# WORK ITEM:
Once the line containing "family with boy" is found, set down that line and each one after it exactly, through the end of the entries.

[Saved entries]
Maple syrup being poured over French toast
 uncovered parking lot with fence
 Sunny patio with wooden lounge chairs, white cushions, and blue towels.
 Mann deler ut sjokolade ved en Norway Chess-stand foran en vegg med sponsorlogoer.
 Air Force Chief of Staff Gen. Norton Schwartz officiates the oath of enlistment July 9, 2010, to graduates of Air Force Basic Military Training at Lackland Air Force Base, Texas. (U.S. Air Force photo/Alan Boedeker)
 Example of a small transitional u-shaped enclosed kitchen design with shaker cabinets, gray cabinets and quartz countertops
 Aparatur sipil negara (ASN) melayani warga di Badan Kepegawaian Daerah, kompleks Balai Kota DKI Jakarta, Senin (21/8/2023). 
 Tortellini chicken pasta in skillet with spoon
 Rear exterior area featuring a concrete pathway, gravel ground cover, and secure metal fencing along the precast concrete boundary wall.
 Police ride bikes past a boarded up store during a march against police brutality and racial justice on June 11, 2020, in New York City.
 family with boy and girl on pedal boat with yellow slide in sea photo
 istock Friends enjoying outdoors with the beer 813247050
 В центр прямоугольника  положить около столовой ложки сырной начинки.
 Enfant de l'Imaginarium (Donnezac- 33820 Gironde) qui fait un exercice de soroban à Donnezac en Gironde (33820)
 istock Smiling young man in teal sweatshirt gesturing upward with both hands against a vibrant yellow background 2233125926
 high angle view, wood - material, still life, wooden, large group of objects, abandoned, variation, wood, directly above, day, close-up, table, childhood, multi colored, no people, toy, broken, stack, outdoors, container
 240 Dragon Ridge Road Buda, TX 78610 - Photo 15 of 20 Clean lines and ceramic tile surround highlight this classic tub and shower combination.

# PROBLEM SOLUTION:
 family with boy and girl on pedal boat with yellow slide in sea photo
 istock Friends enjoying outdoors with the beer 813247050
 В центр прямоугольника  положить около столовой ложки сырной начинки.
 Enfant de l'Imaginarium (Donnezac- 33820 Gironde) qui fait un exercice de soroban à Donnezac en Gironde (33820)
 istock Smiling young man in teal sweatshirt gesturing upward with both hands against a vibrant yellow background 2233125926
 high angle view, wood - material, still life, wooden, large group of objects, abandoned, variation, wood, directly above, day, close-up, table, childhood, multi colored, no people, toy, broken, stack, outdoors, container
 240 Dragon Ridge Road Buda, TX 78610 - Photo 15 of 20 Clean lines and ceramic tile surround highlight this classic tub and shower combination.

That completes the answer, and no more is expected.